Boa leitura (24) - Um jovem catalão em Paris


O fascínio que Paris exerce sobre artistas e escritores não tem fim. O catalão Enrique Vila-Matas (ao lado no "exílio" parisiense, em 1974, imagem pinçada de seu site) também não ficou imune a essa sublime obsessão. Seu início de carreira na capital francesa faz o deleite dos leitores neste autobiográfico “Paris não Tem Fim”, título roubado de um capítulo de “Paris É uma Festa”, escrito por um ídolos de juventude do escritor, Ernest Hemingway. Nessas memórias, publicadas depois de seu suicídio, o americano escreve sobre o período em que também lá viveu, quando era “muito pobre e muito feliz”. Irônico, Vila-Matas resolveu escrever sobre seu auto-exílio de dois anos, na década de 1970, quando “era muito pobre e muito triste”.

A ironia, aliás, é a tônica da obra, construída na forma de uma conferência de três dias. Nela, o escritor nascido em 1948 em Barcelona conta como vivia no sótão que alugou na casa de Marguerite Duras, para onde levou escrivaninha, cadernetas, dois lápis, um apontador e uma máquina de escrever, pronto a compor o livro “A Assassina Ilustrada”.
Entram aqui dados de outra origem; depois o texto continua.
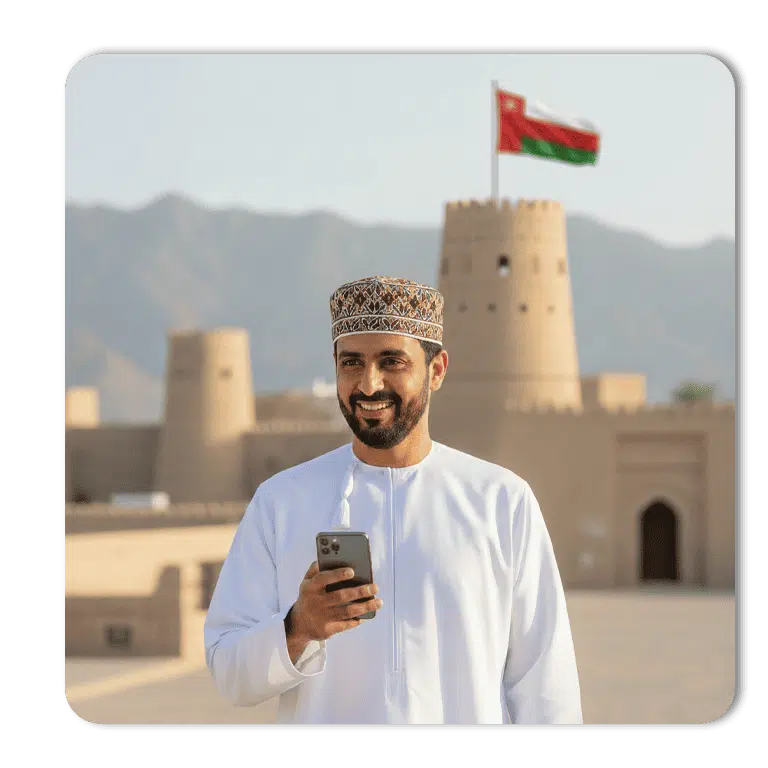 Trusted Cross Border Shipping Between Bahrain & Oman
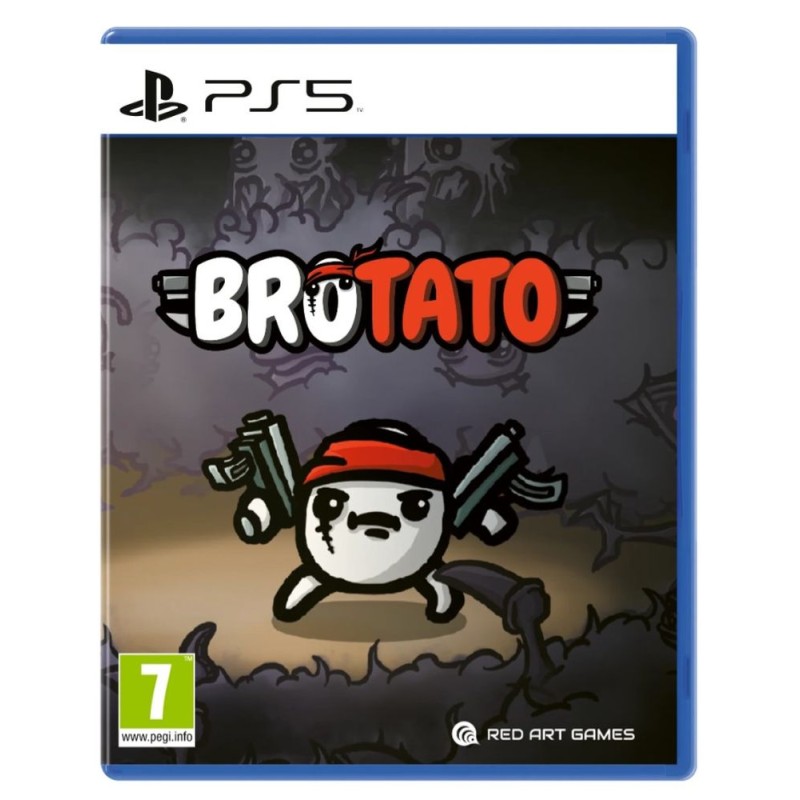 PS5 Brotato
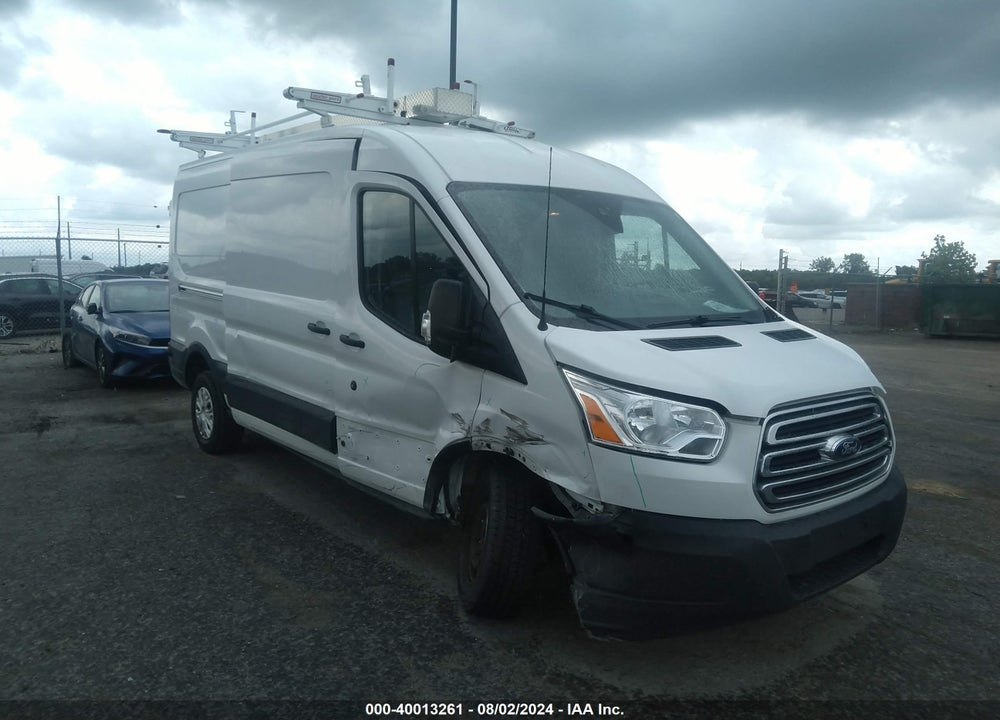 2019 FORD TRANSIT-350 VIN: 1FTBW2CG2KKA95860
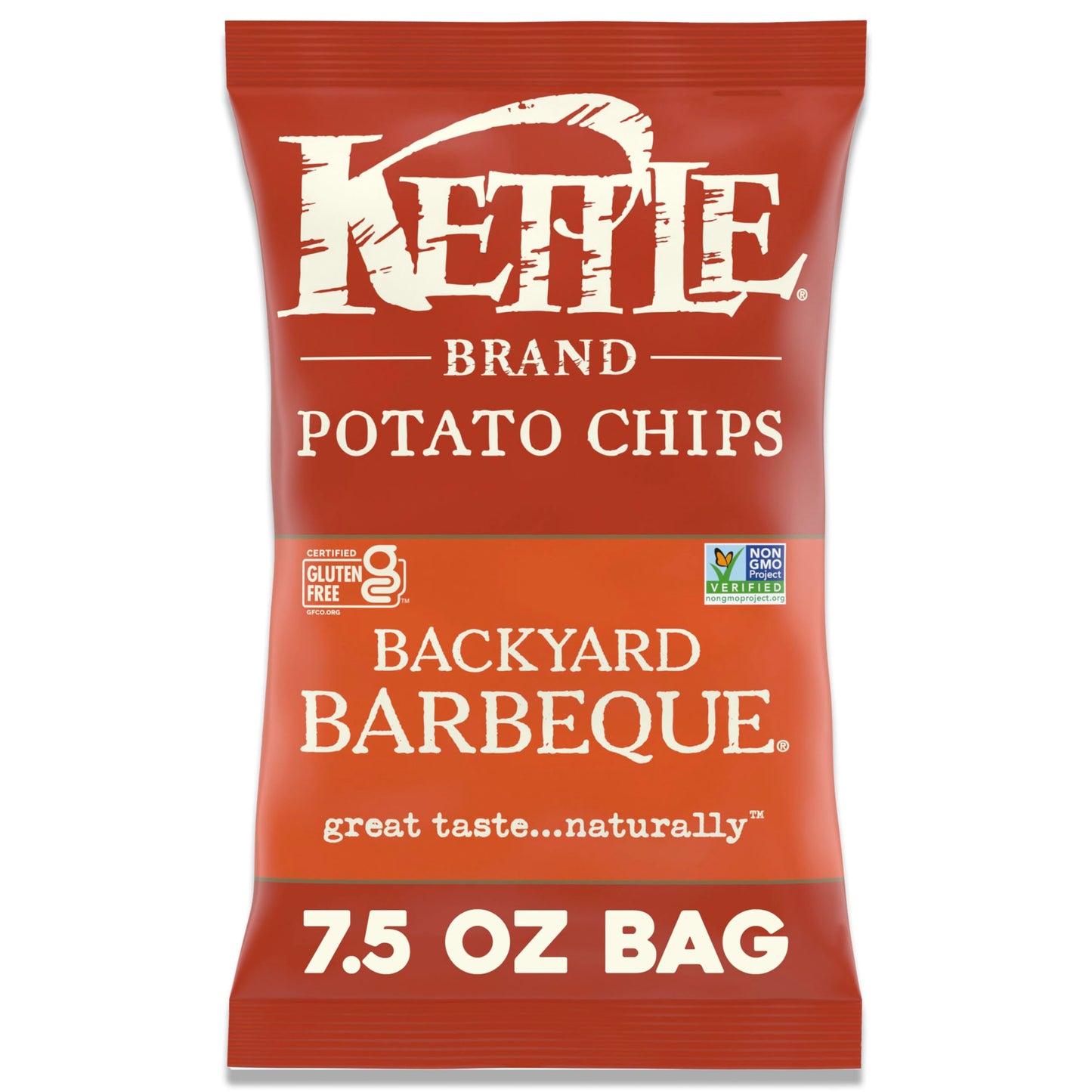 Kettle Brand Potato Chips Variety Pack, 1 Oz, 20 Ct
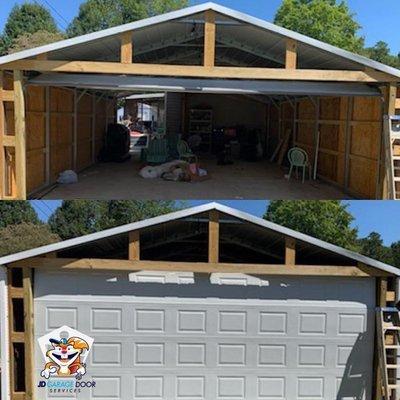 JD Garage Door Services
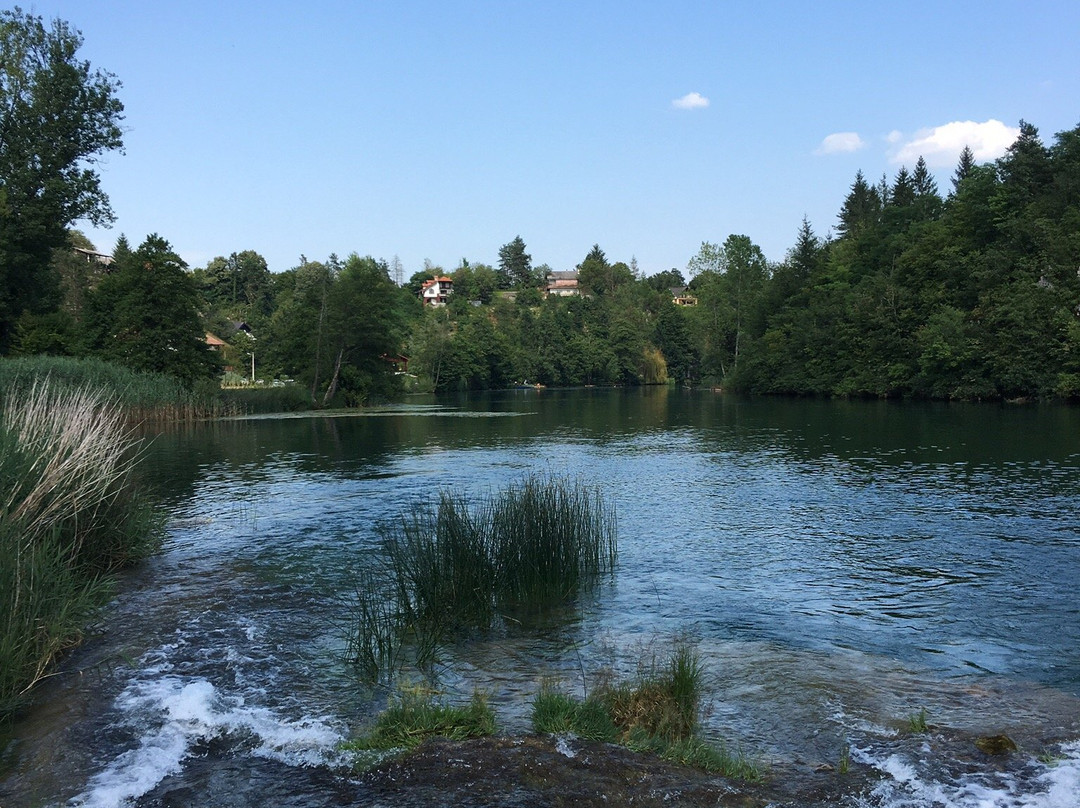 Mreznica River-Duga Resa必去景点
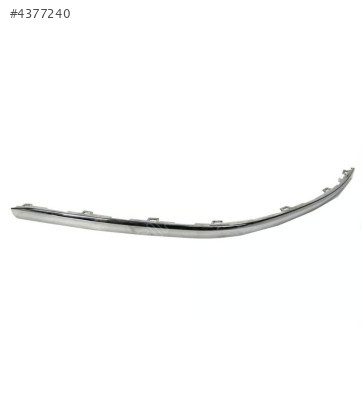 3G0853842A VW PASSAT B9 2020 ARKA TAMPON KROMU SAĞ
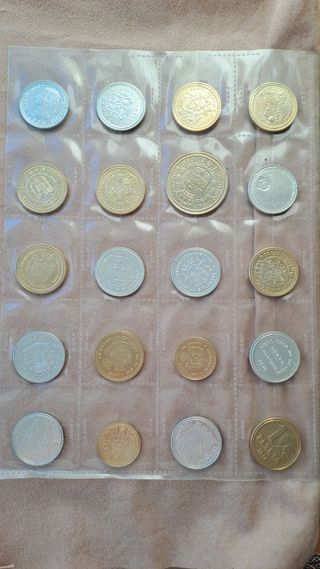 Colección Del Real a la Peseta II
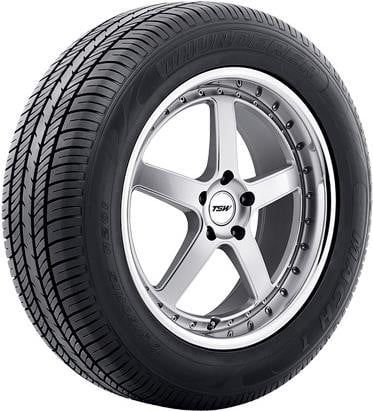 Set of (2) New P 215/65R17 Thunderer Mach I R201 99T - Image 1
A própria água-furtada tem certo charme histórico: antes dele, abrigou um travesti chamado Amapola, uma atriz búlgara e até o futuro presidente francês François Mitterrand, que se refugiou lá por uns dias, durante a Segunda Guerra. O protagonista pode viver da mesada do pai, mas freqüenta festas, cafés e reuniões com muita gente do meio intelectual e artístico local, sejam franceses ou estrangeiros. Muitos lhe vêm por meio de Marguerite, que, aliás, põe nas mãos do rapaz uma apostila sobre como escrever um bom romance que ele tem dificuldades em seguir à risca. Esforça-se não só para se tornar um escritor, mas para viver como um deles e relata que, ridiculamente, fazia pose de intelectual, fingindo ler, à mesa dos cafés da Rive Gauche, obras importantes e de autores malditos.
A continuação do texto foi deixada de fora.